- EXERCISE -
All of the data that follows is to be written out exactly, with images excluded.

***** EXCERPTED RECORDS

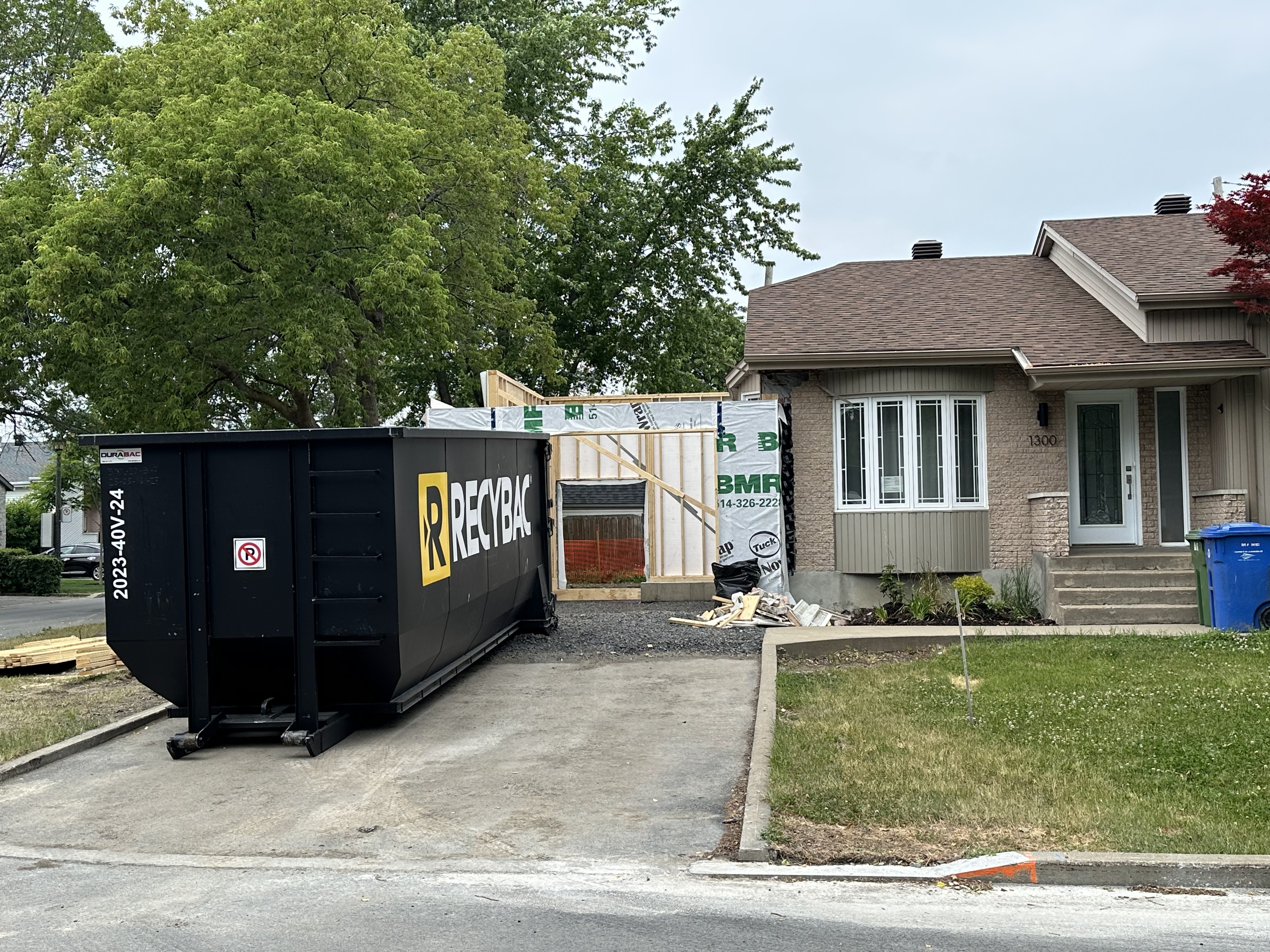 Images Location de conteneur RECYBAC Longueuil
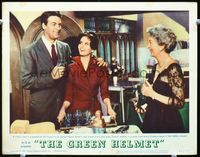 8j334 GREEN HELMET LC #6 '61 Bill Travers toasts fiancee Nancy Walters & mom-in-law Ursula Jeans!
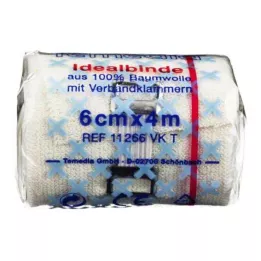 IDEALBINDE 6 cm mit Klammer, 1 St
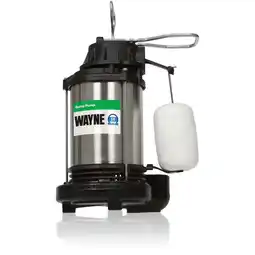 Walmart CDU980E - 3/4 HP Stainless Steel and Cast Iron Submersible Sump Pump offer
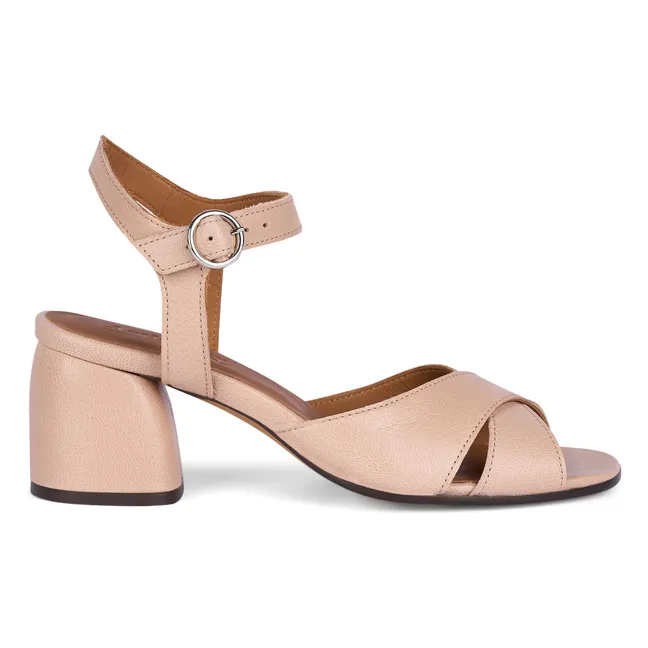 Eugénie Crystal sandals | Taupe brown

**********

- FINAL ANSWER -
 Images Location de conteneur RECYBAC Longueuil
 8j334 GREEN HELMET LC #6 '61 Bill Travers toasts fiancee Nancy Walters & mom-in-law Ursula Jeans!
 IDEALBINDE 6 cm mit Klammer, 1 St
 Walmart CDU980E - 3/4 HP Stainless Steel and Cast Iron Submersible Sump Pump offer
 Eugénie Crystal sandals | Taupe brown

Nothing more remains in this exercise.